Sesampainya di tempat yang dianggap sepi dan jauh dari pandangan orang-orang, peristiwa mengenaskan itupun terjadi.
Bersama Rhidel Septian Latumahina alias Kidek, Antonio Junior Pondaag alias Tio sukses melampiaskan dendamnya terhadap temannya sendiri, Matthew Paneleweng.
Tidak hanya dianiaya secara bersama-sama, ternyata sebuah pisau tertancap di dada samping kiri dekat ketiak Matthew.
Berdasarkan hasil atopsi jenazah korban, tusukan benda tajam sedalam 20 centimeter dikuti pendarahan hebat itu diduga kuat sebagai penyebab kematian Matthew.
Tio dan Kidek kini meringkuk di tahanan dan sedang menjalani persidangan sebagai terdakwa kasus pembunuhan berencana.
Jaksa Penuntut Umum atas kasus tersebut mendakwa mereka dengan dakwaan berlapis.

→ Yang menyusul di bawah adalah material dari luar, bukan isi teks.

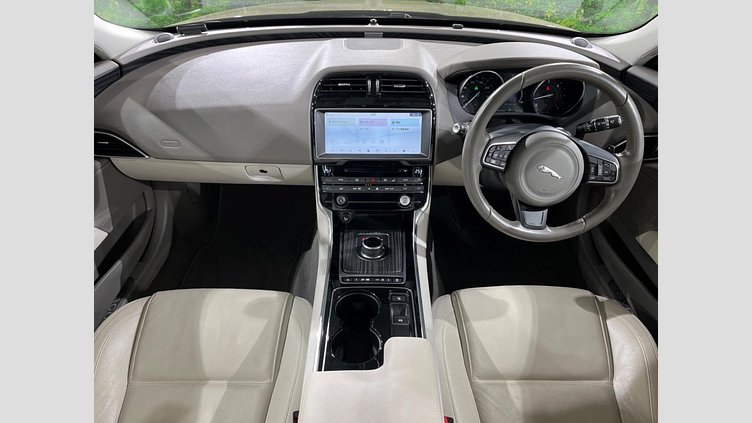 2016 認定中古車 Jaguar XE Kaikoura Stone 2WD プレステージ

JPU menerapkan pasal Kesatu Primair Pasal 340 KUHP jo Pasal 55 ayat (1) ke-1 KUHP, Subsidair Pasal 338 KUHP jo Pasal 55 ayat (1) ke-1 KUHP, atau Kedua Primair Pasal 170 ayat (2) ke-3 KUHP, Subsidair Pasal 351 ayat (3) KUHP jo Pasal 55 ayat (1) ke-1 KUHP.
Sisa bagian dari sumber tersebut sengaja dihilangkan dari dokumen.